Figure 2. Balancing SUMO chain formation controls chromatin residency of the cohesion complex (A), the centromere network (B) and the FA repair pathway (C). For details see text.
Altogether these data clearly indicate that the global architecture of centromere/kinetochores largely depends on the coordinated formation and editing of SUMO chains. Conclusive evidence defines SENP6 as the essential chain-limiting activity in this process and underscores a main role of SENP6 in protecting at least a subset of centromeric proteins from entering the StUbL pathway. Why only a subset of polySUMOylated centromeric proteins are channeled into this pathway and how the proposed polySUMO-mediated, but ubiquitin-independent impairment of centromeric CCAN deposition occurs are future key questions.
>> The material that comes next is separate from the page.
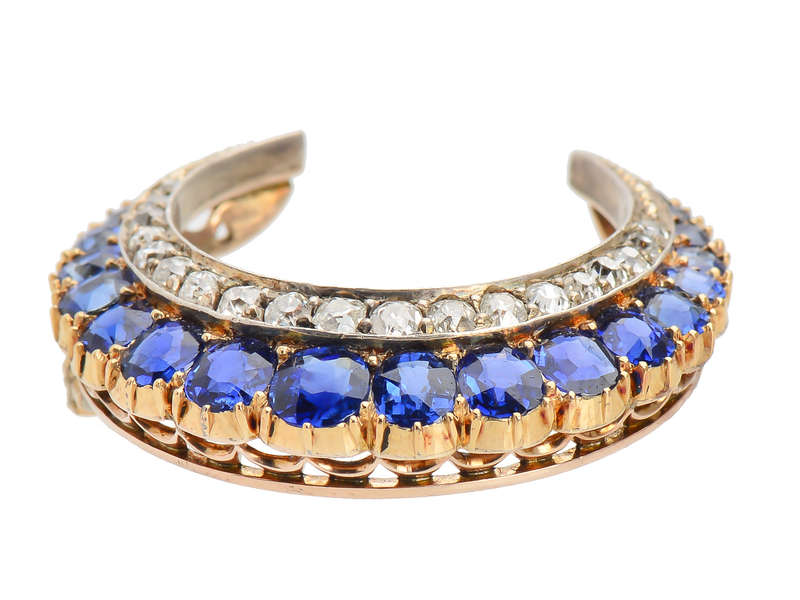 Victorian Sapphire Crescent Moon Brooch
Sumo Chains as Regulators of SMC Complexes
Structural maintenance of chromosomes complexes consist of multi-subunit annular structures that encircle DNA molecules and function in the organization and compaction of chromosomes. In eukaryotes there are three distinct SMC complexes, cohesin (SMC1/3), condensin (SMC2/4) and the SMC5/6 complex (Haering and Gruber, 2016). These evolutionary conserved complexes have central functions during chromosome segregation and genome maintenance. All SMC complexes share a common ring-like architecture comprising two SMC proteins that are connected to each other via a kleisin subunit. Additional factors typically associated with the kleisin subunit exhibit regulatory functions, in particular in chromatin loading or release of the complexes. Genetic and biochemical data from both lower and higher eukaryotes suggest that SUMO chain formation on SMC complexes is a critical determinant for their chromatin association.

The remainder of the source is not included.